After a Deployment Error, Should You Fix Forward or Roll Back?
CategoriesDevOps & SRE
You open your eyes to the sound of your phone, bleating at you from your bedside table. This can’t be good, you think to yourself, as the adrenalin starts to flow. The glowing red numbers staring back at you from the clock read 4:48am.
As you settle down into your chair and unlock your laptop, the bright light from your screen seems blinding. A couple of minutes later, you’re on the conference bridge for an incident. You gather that a key component of your infrastructure is failing due to an upgrade the day before, your customers’ messages are not being processed, and they’re furious about it.

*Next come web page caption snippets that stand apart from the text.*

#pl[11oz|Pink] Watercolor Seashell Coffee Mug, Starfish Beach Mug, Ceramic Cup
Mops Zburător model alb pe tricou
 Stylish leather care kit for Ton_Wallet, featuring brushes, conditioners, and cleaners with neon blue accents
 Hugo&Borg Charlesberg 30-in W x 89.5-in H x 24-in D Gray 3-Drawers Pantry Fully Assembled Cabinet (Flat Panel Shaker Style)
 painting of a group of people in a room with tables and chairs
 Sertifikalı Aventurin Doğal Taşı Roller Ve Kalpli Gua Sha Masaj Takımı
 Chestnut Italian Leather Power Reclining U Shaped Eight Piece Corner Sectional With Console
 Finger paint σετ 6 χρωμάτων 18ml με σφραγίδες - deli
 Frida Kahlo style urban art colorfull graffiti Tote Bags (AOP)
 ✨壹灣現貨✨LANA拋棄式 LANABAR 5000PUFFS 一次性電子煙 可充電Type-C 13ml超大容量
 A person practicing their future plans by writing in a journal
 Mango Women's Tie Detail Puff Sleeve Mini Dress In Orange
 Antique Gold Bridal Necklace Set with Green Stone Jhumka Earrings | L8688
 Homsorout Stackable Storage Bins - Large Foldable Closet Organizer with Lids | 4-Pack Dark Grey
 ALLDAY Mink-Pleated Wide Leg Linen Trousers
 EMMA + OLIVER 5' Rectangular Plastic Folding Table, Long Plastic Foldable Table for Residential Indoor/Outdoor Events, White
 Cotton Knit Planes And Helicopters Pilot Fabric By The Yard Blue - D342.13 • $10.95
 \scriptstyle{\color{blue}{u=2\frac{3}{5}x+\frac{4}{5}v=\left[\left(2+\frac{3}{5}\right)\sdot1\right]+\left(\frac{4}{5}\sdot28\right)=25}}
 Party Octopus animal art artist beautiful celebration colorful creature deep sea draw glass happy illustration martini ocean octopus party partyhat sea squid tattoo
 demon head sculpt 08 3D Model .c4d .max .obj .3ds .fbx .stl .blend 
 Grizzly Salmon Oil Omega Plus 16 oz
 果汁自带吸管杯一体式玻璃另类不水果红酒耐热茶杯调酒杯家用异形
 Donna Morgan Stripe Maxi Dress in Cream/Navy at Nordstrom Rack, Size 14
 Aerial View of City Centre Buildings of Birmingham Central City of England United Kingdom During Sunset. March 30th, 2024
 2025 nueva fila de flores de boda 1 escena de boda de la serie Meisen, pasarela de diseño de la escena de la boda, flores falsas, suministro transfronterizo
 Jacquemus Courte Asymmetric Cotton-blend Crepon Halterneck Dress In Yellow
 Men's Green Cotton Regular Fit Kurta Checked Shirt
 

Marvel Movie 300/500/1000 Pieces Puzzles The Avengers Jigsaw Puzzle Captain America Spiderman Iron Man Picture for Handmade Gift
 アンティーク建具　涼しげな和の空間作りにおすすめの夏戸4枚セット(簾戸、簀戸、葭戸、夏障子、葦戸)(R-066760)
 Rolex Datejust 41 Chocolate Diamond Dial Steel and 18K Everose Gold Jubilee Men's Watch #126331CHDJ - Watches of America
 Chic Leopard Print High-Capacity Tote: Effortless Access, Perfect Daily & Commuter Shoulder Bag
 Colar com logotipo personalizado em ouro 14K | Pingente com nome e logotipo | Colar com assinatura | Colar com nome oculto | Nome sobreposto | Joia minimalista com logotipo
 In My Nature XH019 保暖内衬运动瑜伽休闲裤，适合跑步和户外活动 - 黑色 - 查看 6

Engineers responsible for the component are testing some hypothesis, and asking for time to fix it. “Maybe if… I bet we can…” Meanwhile, senior management are on the call, and have to field tough questions from customers, and they want to pull the plug on this change and roll back, getting customers back online ASAP. Engineering isn’t so sure, saying that the nature of the change makes rollback a dicey proposition. They turn to you for your opinion.
What do you say?
Understand your options
Being stuck in this position can be daunting, and there isn’t always an easy answer. Fixing your components in-place means you can move forward after this incident; and once it’s fixed, that’s (hopefully) the end of your remediation. But, this costs time while your services are offline, leaving your customers unserved and unsatisfied.
On the other hand, rolling back the change might be quick (depending on your deployment strategy), but unless you intend to permanently freeze there, you still need to get that change out, and soon. There’s additional remediation work required here to correct the change, perform the requisite QA, and re-deploy your changes into production.
When incidents happen, the time you’ve invested and the plans you’ve made preparing for it is key. Understanding the strategies available to you, and when to pursue them, will determine whether your recovery efforts are a success.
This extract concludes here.